Question

A particle is moving along a straight-line path according to the relation
$S^2=a{t}^2+2bt+c$
$S$ represents the displacement covered in t seconds and $a,b,c$ are constants.

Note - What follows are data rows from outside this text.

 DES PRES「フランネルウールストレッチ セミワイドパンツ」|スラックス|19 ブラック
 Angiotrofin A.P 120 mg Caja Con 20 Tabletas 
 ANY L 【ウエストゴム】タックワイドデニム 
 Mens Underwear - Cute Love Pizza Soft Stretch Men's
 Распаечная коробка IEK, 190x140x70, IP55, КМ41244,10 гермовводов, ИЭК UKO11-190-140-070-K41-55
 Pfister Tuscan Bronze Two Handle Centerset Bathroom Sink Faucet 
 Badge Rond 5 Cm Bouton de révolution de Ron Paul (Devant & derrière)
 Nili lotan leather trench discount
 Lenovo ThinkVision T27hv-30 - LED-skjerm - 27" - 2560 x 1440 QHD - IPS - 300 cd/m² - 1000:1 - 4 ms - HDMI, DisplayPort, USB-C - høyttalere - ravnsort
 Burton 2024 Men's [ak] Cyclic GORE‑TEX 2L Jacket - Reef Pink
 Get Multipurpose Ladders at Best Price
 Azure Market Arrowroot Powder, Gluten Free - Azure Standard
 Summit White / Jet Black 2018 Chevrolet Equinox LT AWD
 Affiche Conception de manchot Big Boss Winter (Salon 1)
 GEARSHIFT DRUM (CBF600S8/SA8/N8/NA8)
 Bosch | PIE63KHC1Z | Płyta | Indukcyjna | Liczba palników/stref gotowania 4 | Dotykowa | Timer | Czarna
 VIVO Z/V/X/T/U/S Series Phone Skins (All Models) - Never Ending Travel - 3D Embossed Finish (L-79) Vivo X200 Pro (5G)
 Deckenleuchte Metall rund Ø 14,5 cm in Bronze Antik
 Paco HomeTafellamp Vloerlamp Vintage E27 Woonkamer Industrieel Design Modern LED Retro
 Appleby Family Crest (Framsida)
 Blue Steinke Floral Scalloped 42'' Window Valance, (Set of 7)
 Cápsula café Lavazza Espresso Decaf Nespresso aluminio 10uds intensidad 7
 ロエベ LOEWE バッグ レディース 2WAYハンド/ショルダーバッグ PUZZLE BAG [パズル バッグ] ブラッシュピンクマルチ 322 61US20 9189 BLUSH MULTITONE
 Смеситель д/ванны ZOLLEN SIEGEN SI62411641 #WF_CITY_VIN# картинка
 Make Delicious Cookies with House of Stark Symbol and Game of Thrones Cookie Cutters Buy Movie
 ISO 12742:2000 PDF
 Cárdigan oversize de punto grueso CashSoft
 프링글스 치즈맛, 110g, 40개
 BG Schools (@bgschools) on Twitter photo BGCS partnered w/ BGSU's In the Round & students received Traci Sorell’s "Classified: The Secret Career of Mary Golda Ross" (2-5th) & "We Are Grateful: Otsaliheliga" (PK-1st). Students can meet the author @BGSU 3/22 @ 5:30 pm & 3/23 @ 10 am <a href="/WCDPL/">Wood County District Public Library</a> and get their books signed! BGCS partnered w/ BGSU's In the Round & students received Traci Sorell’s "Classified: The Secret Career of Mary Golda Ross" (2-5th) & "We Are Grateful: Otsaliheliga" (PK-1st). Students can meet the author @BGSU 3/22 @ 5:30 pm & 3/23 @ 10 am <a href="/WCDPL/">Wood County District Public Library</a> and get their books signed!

The acceleration of the particle varies as

• A. $S^{-3}$
• B. $S^{3/2}$
• C. $S^{-2/3}$
• D. $S^2$

Answer 1

The correct option is A $S^{-3}$

According to question
$S^2=a{t}^2+2bt+c$
$\therefore 2S\frac{dS}{dt}=2at+2b$
or $\frac{dS}{dt}=\frac{at+b}{S}$
Again differentiating w.r.t $t$, we get
$\frac{d^{2}S}{d{t}^2}=\frac{a.S-(at+b).\frac{dS}{dt}}{S^2}$
$\frac{d^{2}S}{d{t}^2}=\frac{aS-(at+b)\left(\frac{at+b}{S}\right)}{S^2}$
$\therefore \frac{d^{2}S}{d{t}^2}=\frac{a{S}^2-(at+b{)}^2}{S^3}$
We know that Acceleration, $A=\frac{d^{2}S}{d{t}^2}$
$\Rightarrow A=\frac{a{S}^2-(at+b{)}^2}{S^3}$
$\Rightarrow A=\frac{a(a{t}^2+2bt+c)-(at+b{)}^2}{S^3}A=\frac{a^2{t}^2+2abt+ac-a^2{t}^2-b^2-2abt}{S^3}=\frac{ac-b^2}{S^3}$
$\therefore A\propto S^{-3}$